The mechanistic model links genomic alterations (NF2, SMARCB1, and an additional event) to epidemiologic incidence with gene-specific parameters, enabling direct inference of mutation and LOH rates from observed frequencies and incidence data. The derived u and f_LOH for Schwann cells align in magnitude with independent reports for brain tissue and suggest tissue-dependent LOH probabilities. The three-hit model’s strong fit supports the biological plausibility of two NF2 hits plus a third alteration (either GFX activation or SMARCB1 inactivation), while the large estimated n_GFX may reflect multiple oncogenes contributing to incidence. For malignant transformation, a neutral two-hit TSX model explains much of the observed lifetime risk and predicts risk proportional to tumour volume, together with an excess of LOH at the TSX locus that is largely independent of tumour size—offering a testable prediction. The relatively high η_TSX estimate could imply involvement of multiple tumour suppressors, though a single large gene cannot be excluded. Radiation modelling indicates that at clinically relevant doses and properly timed fractions, excess risk of malignant transformation is essentially negligible, consistent with observational studies. The analysis highlights the counteracting roles of mutagenesis and cell killing, with risk peaking at low doses and dropping rapidly at higher doses. A worst-case fractionation scenario illustrates the importance of avoiding long inter-fraction intervals that permit tumour cell recovery. Overall, the work demonstrates how mechanistic, gene-tied models can integrate genomic frequencies, incidence curves, and biophysical radiation data to produce clinically relevant risk estimates and testable predictions (e.g., LOH surveys in malignant schwannoma).

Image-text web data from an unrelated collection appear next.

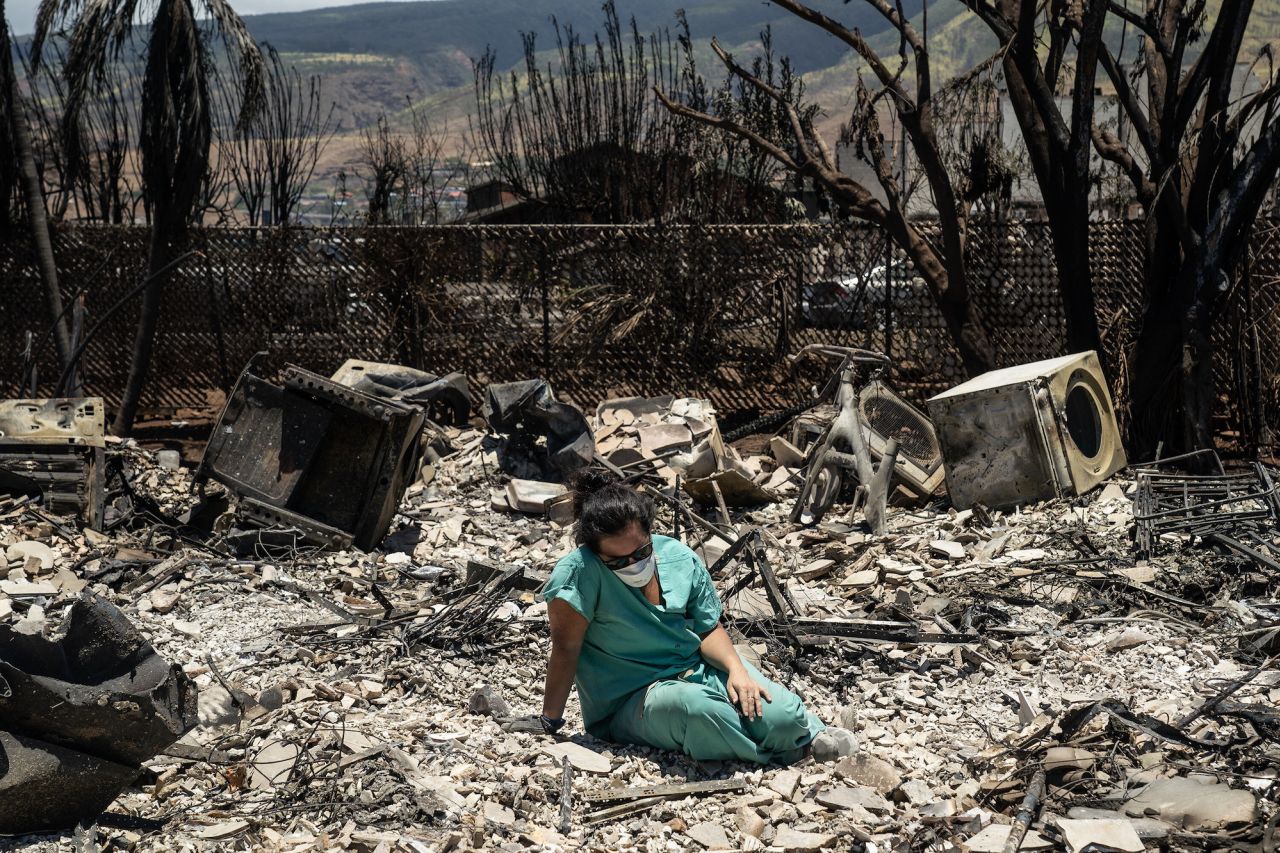 Sarah Salmonese sits where her apartment once stood in Lahaina, Hawaii, on Friday, August 11. <a href="https://www.cnn.com/2023/08/10/weather/gallery/maui-fire-gallery/index.html" target="_blank">Catastrophic wildfires</a> have killed dozens of people on the Hawaiian island of Maui, and the blaze that devastated the historic town of Lahaina is now the deadliest US wildfire in over 100 years, officials said.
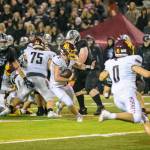 Photos by Vic Wright
White Rivers Kovi Poulin does his best to navigate Enumclaws defense.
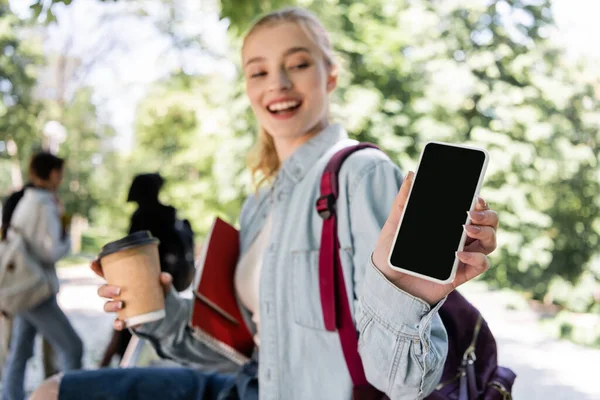 Estudante desfocado com café para ir mostrando smartphone com tela em branco no parque — Fotografia de Stock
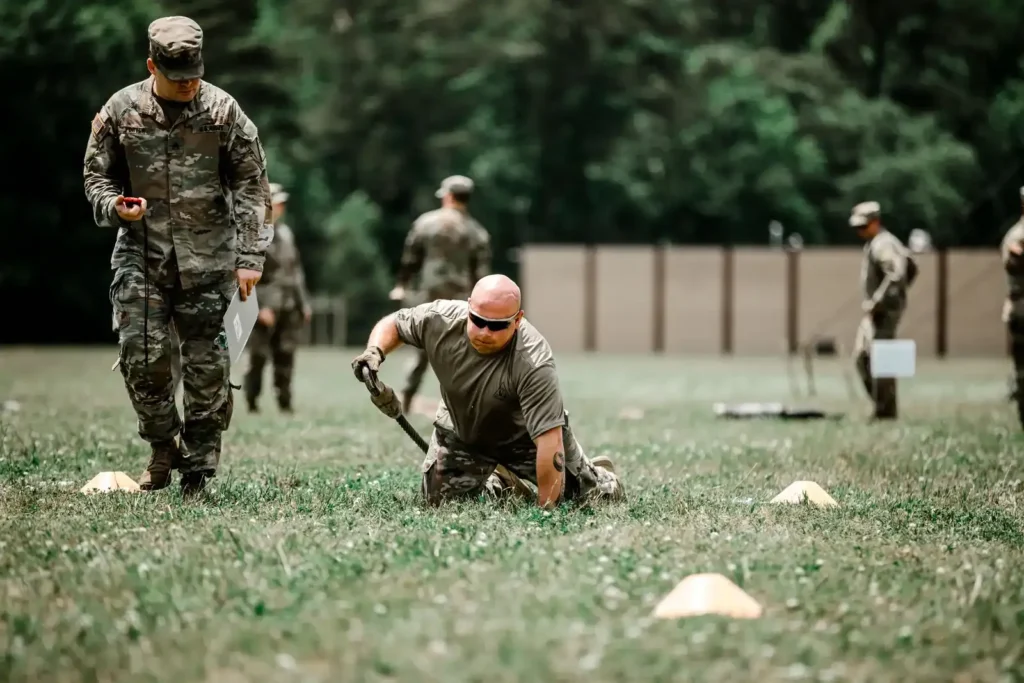 Recruit doing physical training on a field while an instructor watches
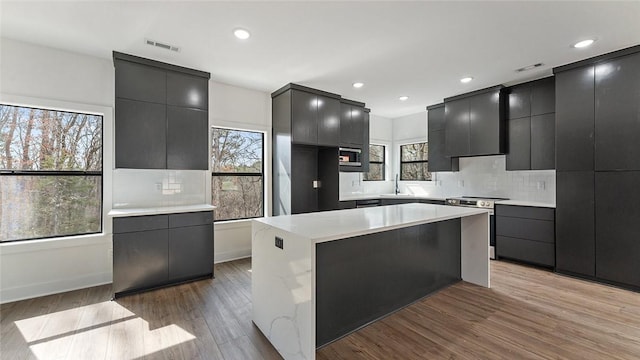 kitchen with dark cabinetry, visible vents, a sink, stainless steel appliances, and modern cabinets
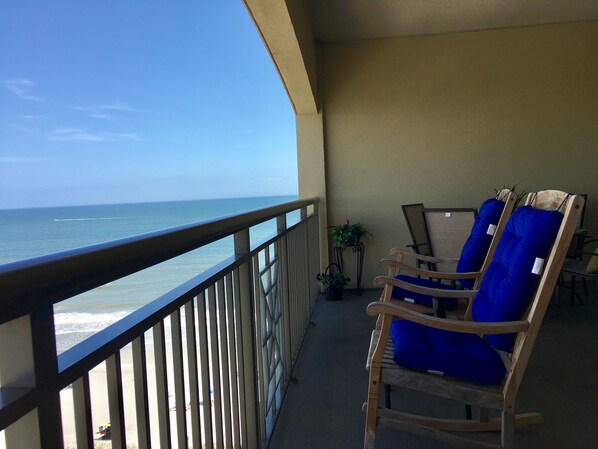 Large balcony with 2 rockers, 2  loungers and dining table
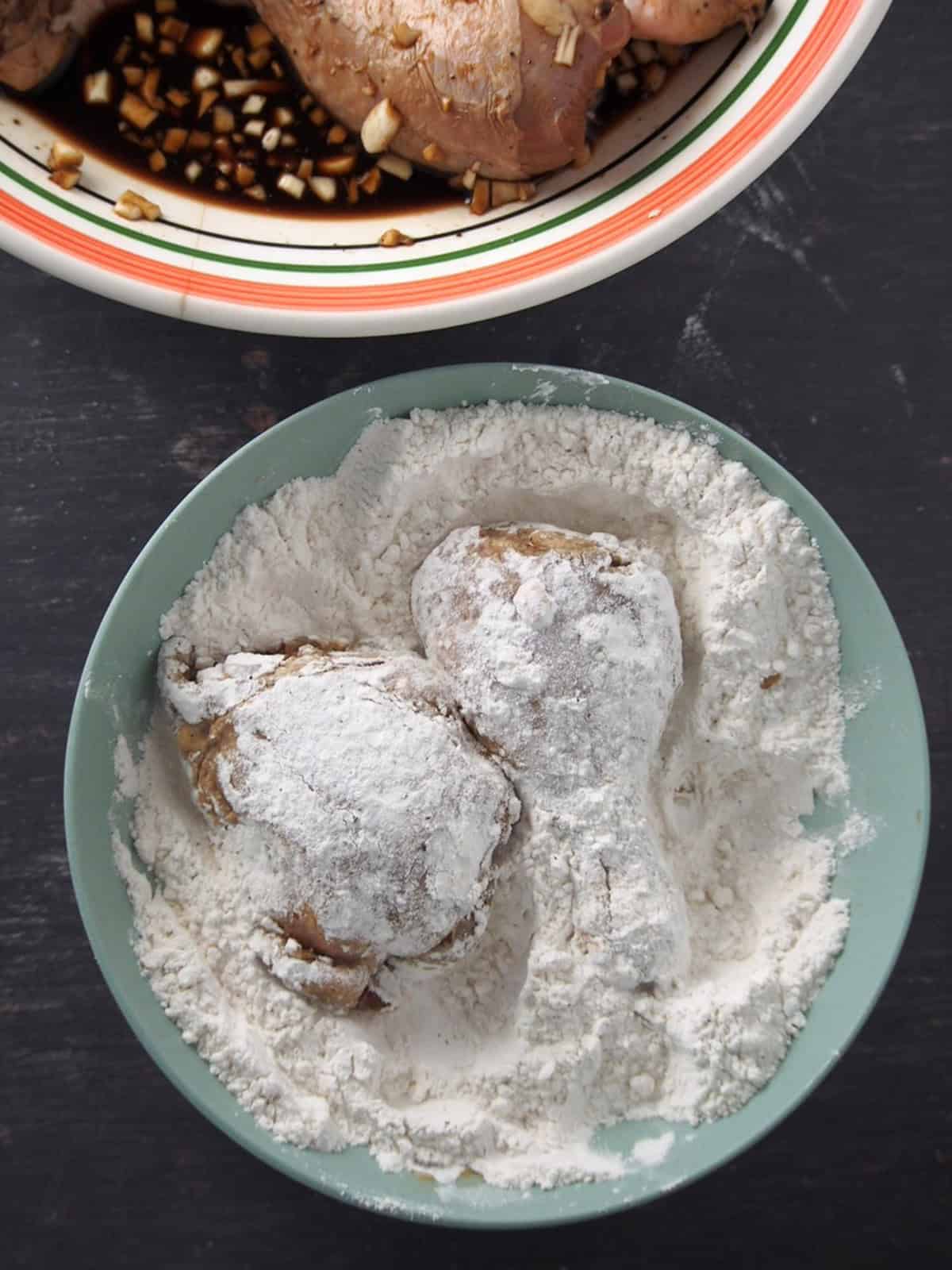 coating marinated chicken pieces with seasoned flour and cornstarch in a blue bowl.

• A gene-specific, mechanistic three-hit model accurately reproduces sporadic VS incidence and yields new estimates for Schwann-cell mutation (u) and LOH rates, as well as the scale of the third-hit target (n_GFX).
• A simple two-hit, neutral model for malignant transformation involving an unidentified tumour suppressor (TSX) explains most of the observed lifetime malignancy risk and predicts risk proportional to tumour volume; the inferred η_TSX (~1245) suggests either a large single target or multiple tumour suppressors.
• Radiotherapy, when delivered as single-fraction radiosurgery or properly scheduled fractionation within a tumour cell cycle, is predicted to have a negligible excess malignancy risk for sporadic VS; care is required to avoid worst-case hyperfractionation scenarios. Future work should: incorporate LZTR1 and multiple third-hit genes into the initiation model; measure substitution spectra specific to schwannoma to refine u; perform LOH/copy-number surveys in malignant schwannoma to identify TSX and quantify excess LOH; and improve modelling of tumour cell survival and growth kinetics during therapy.

• Identity of the third-hit oncogene(s) (GFX) and the malignant-transforming tumour suppressor(s) (TSX) is unknown; η_TSX and n_GFX are inferred rather than directly measured, potentially reflecting multiple genes.
• Small sample sizes for LOH and SMARCB1 frequency estimates require additive smoothing and bootstrap methods, increasing uncertainty and potentially biasing parameter estimates.
• Assumptions of neutrality for initiating hits and TSX haplosufficiency may not hold universally; selection could alter allele frequencies and associations with age or tumour size.
• Mutation model simplifies substitution processes (Jukes-Cantor), ignores transition/transversion biases and positional effects (e.g., early truncations, frameshifts), due to lack of VS-specific data.
• LOH rate assumed uniform across chromosomes and constant per division; copy-neutral LOH mechanisms and detection limits could bias f_LOH.
• Mean-field approximation ignores stochastic clonal dynamics; tumour growth model assumes edge-limited growth and no cell death before malignancy.
• Radiation model uses simplified DSB induction, constant high misrepair probability, and standard linear-quadratic survival; dose homogeneity and recovery dynamics may vary, especially in multifocal disease.
• Familial NF2 cases excluded; findings may not generalize to hereditary contexts.